What the exercise asks: Output the line containing "To wrap up: we" and each line after it through the end of the data, exactly as written, with pictures left out.

Information:
++++++
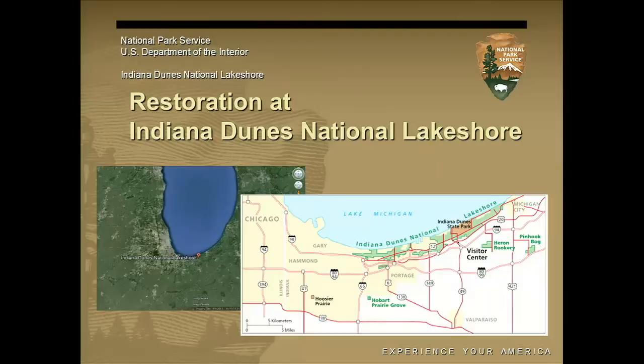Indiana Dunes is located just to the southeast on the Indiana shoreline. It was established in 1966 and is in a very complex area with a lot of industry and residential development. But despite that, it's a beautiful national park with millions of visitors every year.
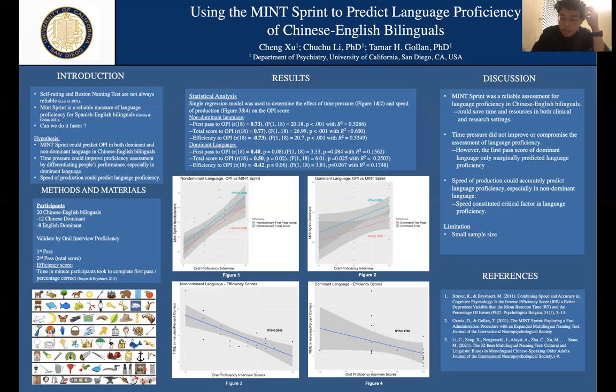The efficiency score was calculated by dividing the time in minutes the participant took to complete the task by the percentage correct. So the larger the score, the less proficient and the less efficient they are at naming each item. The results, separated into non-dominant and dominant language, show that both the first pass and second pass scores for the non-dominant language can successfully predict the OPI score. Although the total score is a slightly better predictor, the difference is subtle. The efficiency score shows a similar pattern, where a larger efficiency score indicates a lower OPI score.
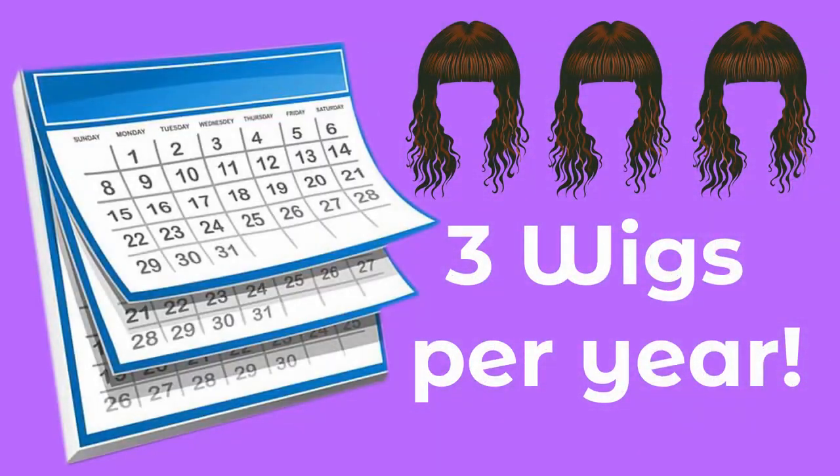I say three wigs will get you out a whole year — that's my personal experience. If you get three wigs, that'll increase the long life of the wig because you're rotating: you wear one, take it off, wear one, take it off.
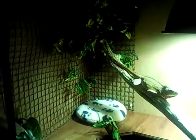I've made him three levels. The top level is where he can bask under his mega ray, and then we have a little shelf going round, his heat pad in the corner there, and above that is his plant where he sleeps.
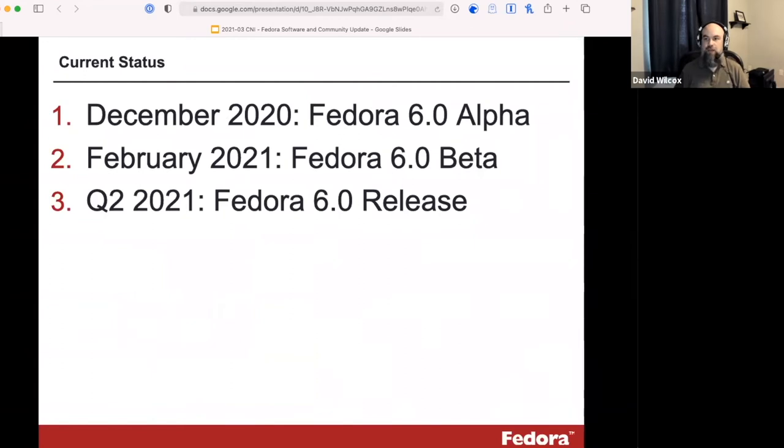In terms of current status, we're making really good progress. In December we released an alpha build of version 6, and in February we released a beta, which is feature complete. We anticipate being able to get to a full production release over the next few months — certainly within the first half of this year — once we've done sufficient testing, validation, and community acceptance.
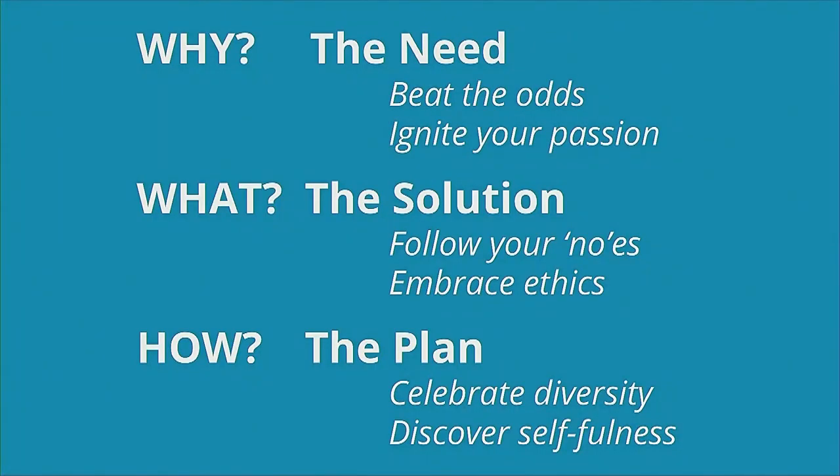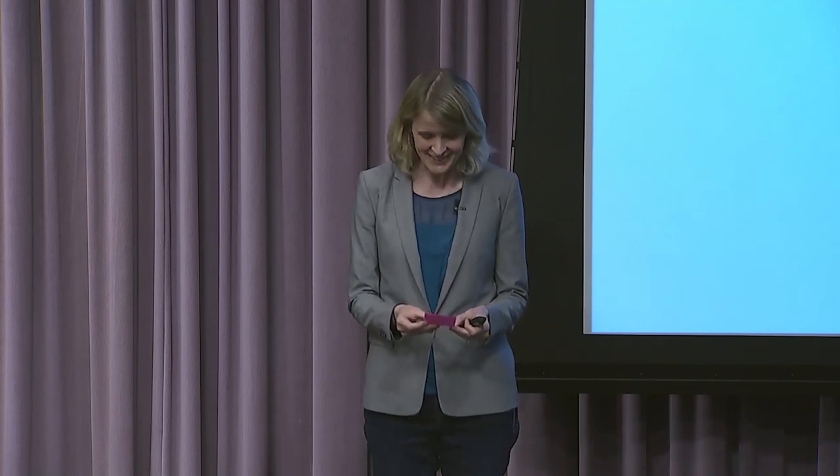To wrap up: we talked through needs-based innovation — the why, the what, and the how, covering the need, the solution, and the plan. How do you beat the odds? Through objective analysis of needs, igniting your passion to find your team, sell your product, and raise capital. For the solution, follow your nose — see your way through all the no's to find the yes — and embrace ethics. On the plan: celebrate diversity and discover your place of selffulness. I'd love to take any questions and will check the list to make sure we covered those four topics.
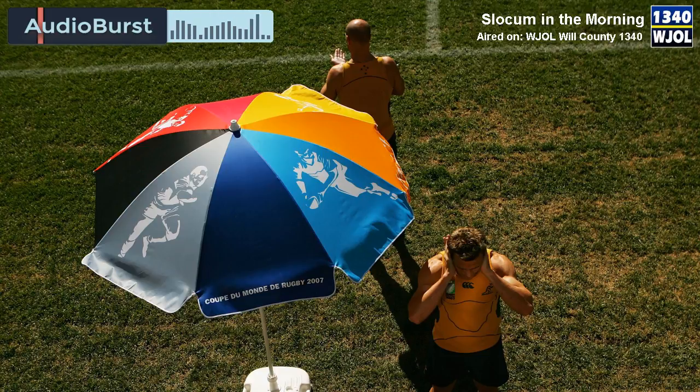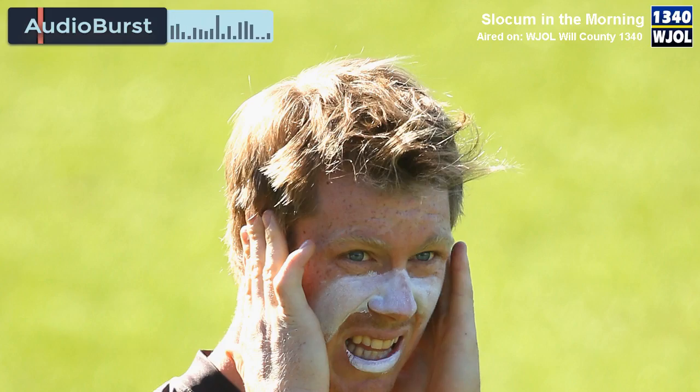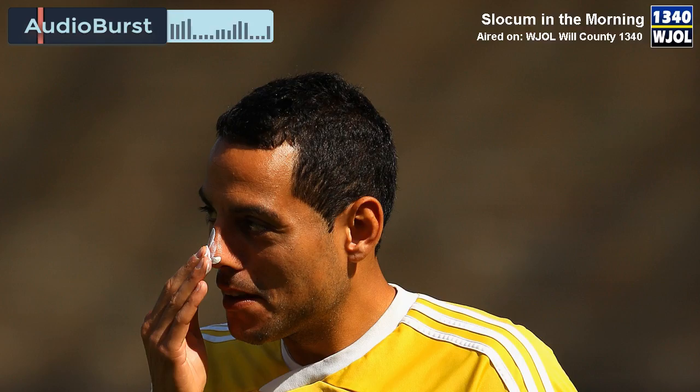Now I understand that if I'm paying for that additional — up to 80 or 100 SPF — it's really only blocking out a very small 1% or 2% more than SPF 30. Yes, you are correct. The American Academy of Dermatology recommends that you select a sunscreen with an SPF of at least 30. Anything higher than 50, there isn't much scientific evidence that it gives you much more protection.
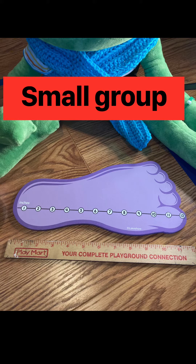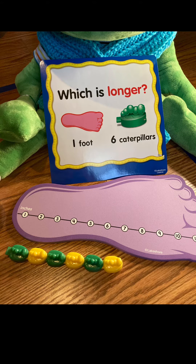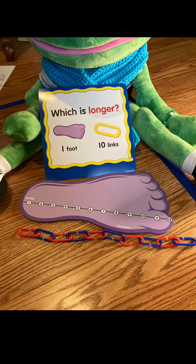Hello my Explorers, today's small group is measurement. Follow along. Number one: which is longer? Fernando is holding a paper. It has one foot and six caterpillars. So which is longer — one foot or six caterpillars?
++++++
Result:
To wrap up: we talked through needs-based innovation — the why, the what, and the how, covering the need, the solution, and the plan. How do you beat the odds? Through objective analysis of needs, igniting your passion to find your team, sell your product, and raise capital. For the solution, follow your nose — see your way through all the no's to find the yes — and embrace ethics. On the plan: celebrate diversity and discover your place of selffulness. I'd love to take any questions and will check the list to make sure we covered those four topics.
Now I understand that if I'm paying for that additional — up to 80 or 100 SPF — it's really only blocking out a very small 1% or 2% more than SPF 30. Yes, you are correct. The American Academy of Dermatology recommends that you select a sunscreen with an SPF of at least 30. Anything higher than 50, there isn't much scientific evidence that it gives you much more protection.
Hello my Explorers, today's small group is measurement. Follow along. Number one: which is longer? Fernando is holding a paper. It has one foot and six caterpillars. So which is longer — one foot or six caterpillars?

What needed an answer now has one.